Will Fincher’s “Mank” Be Welles Hit Job?

It seems logical, at least from a dramatic standpoint, that David Fincher‘s Mank, a forthcoming Netflix feature about the life and times of Citizen Kane co-screenwriter Herman Mankiewicz, would portray Kane director, producer and star Orson Welles in a less than flattering light.

The whole Welles-vs-Mankiewicz mishegoss has been the subject of fierce debate for nearly 50 years, or since the 1971 publication of Pauline Kael’s disputed essay that claimed Kane was almost entirely written by Mankiewicz. Where’s the drama if the third act isn’t about Welles trying to buy Mankiewicz off or otherwise elbow him aside?

Calling Joseph McBride and other Welles biographers and admirers! To arms! To arms! Pass out the muskets and gunpowder!

I have to be honest and say I’m not all that keen on watching Gary Oldman play Mankiewicz. Oldman is a little too old for one thing (61) — a little too weathered and blinkered. Born in 1897, Mankiewicz worked on Kane when he was a relatively spry 43 and 44, and who enjoyed his main Hollywood heyday during his 30s and 40s. Mank died of drink at age 55, in 1953.

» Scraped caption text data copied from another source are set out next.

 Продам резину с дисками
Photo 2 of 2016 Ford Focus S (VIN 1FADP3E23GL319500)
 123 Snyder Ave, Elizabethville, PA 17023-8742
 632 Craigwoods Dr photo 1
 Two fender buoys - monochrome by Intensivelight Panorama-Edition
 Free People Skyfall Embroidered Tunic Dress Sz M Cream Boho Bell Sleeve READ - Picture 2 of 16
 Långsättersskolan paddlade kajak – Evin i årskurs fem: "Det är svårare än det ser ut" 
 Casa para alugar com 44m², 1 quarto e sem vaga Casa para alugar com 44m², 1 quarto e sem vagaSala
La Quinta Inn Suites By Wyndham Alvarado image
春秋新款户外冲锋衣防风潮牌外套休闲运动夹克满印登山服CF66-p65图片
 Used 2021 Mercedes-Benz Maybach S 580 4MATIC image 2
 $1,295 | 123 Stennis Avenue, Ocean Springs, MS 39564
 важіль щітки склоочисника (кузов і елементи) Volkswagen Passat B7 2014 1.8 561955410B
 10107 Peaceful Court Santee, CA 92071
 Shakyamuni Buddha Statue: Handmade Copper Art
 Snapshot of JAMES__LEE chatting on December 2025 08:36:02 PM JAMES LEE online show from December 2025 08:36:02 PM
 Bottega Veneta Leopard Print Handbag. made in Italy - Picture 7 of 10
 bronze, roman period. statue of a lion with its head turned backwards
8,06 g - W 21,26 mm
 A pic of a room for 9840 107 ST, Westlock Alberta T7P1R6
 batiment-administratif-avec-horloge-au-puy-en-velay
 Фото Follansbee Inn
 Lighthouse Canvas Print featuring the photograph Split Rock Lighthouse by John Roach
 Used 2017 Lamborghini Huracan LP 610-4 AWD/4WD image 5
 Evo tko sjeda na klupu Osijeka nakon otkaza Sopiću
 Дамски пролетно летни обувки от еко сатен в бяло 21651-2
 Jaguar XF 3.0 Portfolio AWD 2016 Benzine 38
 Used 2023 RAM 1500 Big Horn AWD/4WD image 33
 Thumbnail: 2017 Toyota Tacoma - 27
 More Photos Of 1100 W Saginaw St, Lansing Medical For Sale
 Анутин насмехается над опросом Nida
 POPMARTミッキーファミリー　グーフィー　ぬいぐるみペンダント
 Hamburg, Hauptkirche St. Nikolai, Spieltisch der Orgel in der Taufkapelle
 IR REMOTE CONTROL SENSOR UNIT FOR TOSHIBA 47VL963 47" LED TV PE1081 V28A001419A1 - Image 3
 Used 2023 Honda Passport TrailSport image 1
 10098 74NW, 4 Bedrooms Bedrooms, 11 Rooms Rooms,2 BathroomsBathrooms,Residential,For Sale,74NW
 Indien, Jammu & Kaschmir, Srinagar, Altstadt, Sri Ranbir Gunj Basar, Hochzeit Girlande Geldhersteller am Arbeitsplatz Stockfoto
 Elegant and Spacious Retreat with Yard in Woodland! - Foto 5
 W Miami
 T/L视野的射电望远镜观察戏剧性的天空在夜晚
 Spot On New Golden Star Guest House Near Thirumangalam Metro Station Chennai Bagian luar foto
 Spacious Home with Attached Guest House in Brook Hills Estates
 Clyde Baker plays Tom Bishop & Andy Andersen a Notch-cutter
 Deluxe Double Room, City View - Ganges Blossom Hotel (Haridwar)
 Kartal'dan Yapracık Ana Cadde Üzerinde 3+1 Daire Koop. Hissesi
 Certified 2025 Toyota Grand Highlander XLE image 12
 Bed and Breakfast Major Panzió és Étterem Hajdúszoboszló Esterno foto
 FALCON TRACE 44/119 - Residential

You know who should play Herman Mankiewicz? Bill Hader or somebody in that vein. A clever 40something or nudging-40 type with a twinkle in his eye. Mankiewicz was chubby, yes, but not overly so. A thin guy could pull if off.

Wiki excerpt #1Mank and The Wizard of Oz: “In February 1938, he was assigned as the first of ten screenwriters to work on The Wizard of Oz. Three days after he started writing he handed in a seventeen-page treatment of what was later known as ‘the Kansas sequence’. While Baum devoted less than a thousand words in his book to Kansas, Mankiewicz almost balanced the attention on Kansas to the section about Oz. He felt it was necessary to have the audience relate to Dorothy in a real world before transporting her to a magic one. By the end of the week he had finished writing fifty-six pages of the script and included instructions to film the scenes in Kansas in black and white. His goal, according to film historian Aljean Harmetz, was to “capture in pictures what Baum had captured in words — the grey lifelessness of Kansas contrasted with the visual richness of Oz.” He was not credited for his work on the film.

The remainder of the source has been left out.